UPDATE 8-Oil slips on worries of demand from No. 2 consumer China
* China slowdown, U.S. output weigh on oil
* Yemen, Iraq, Libya exports fall; South Sudan to halt output
* North Sea Forties pipeline pumping rate cut by maintenance
* Dollar index struggles at one-month low
NEW YORK, July 26 (Reuters) - Oil prices fell on Friday, extending losses amid concerns over falling Chinese demand after the world's second-largest oil consumer ordered factories to reduce output over worries of excess capacity.
North Sea benchmark Brent crude fell as low as $106.63 a barrel, heading for a second weekly decline after touching a three-and-a-half-month high last week. U.S. oil traded as low as $104.10, continuing to fall after having reached a 16-month high of $109.40 last Friday.
Earlier in the day, Chinese stocks markets dropped after China's industry ministry ordered companies across 19 industries to close outdated capacity by the end of September.
The news from China overshadowed a report showing U.S. consumer sentiment is at a six-year high.
"We have a shift in sentiment towards demand concerns following Chinese economic data this week," said Carsten Fritsch, senior oil analyst at Commerzbank in Frankfurt. "Oil ought to be benefiting from the weaker dollar and strengthening U.S. economy, but that is not the theme today."
Brent futures for September dropped 55 cents to $107.1 per barrel by 1:50 p.m. EDT (1850 GMT), after posting a 46-cent gain on Thursday. U.S. light crude for September was down 84 cents at $104.66 a barrel.
The North Sea benchmark's premium to West Texas Intermediate <CL-LCO1=R> held at $2.45.
Gasoline futures held steady, gaining 2 cents to trade at $3.038 a gallon.
The dollar hovered near a more than one-month low against a basket of major currencies, a move that typically would encourage investors to buy dollar-denominated commodities such as oil.
China's manufacturing activity hit an 11-month low in July and its job market weakened, according to data from HSBC, raising concerns of slower demand growth in China.
"The market is focused on demand rather than supply," ANZ analyst Natalie Rampono said.
U.S. crude output hit its highest since 1990 last week, while crude inventories showed a much smaller fall in the week to July 19 than earlier in the month, data from the U.S. Energy Information Administration showed.
SUPPORTIVE SUPPLY CUTS
Supply disruptions in the North Sea, Middle East and Africa, however, offered some support to oil prices.
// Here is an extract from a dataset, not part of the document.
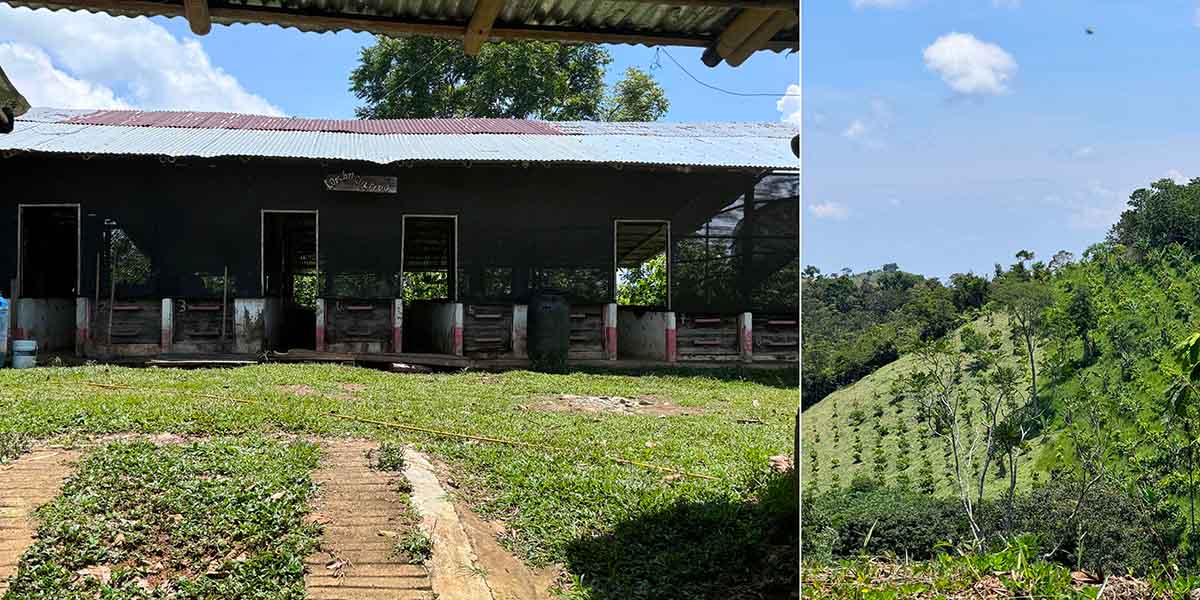 Installations de la plantation de cacao betulia en Colombie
The North Sea's Forties pipeline has cut pumping rates by about 40,000 barrels per day (bpd) because of maintenance work, tightening supply of the crude that underpins the Brent benchmark.
In Iraq, crude exports will be cut by between 400,000 and 500,000 bpd in September due to maintenance at ports, while Yemen's key export pipeline has been blown up by tribesmen.
Protests in Libya have also halted oil exports from a key port, and South Sudan is set to stop crude output by Aug. 7 in a dispute with Sudan.
Traders are eyeing protests in Egypt on Friday for any signs that conflict will spill over into other countries in the Middle East that could threaten oil supply.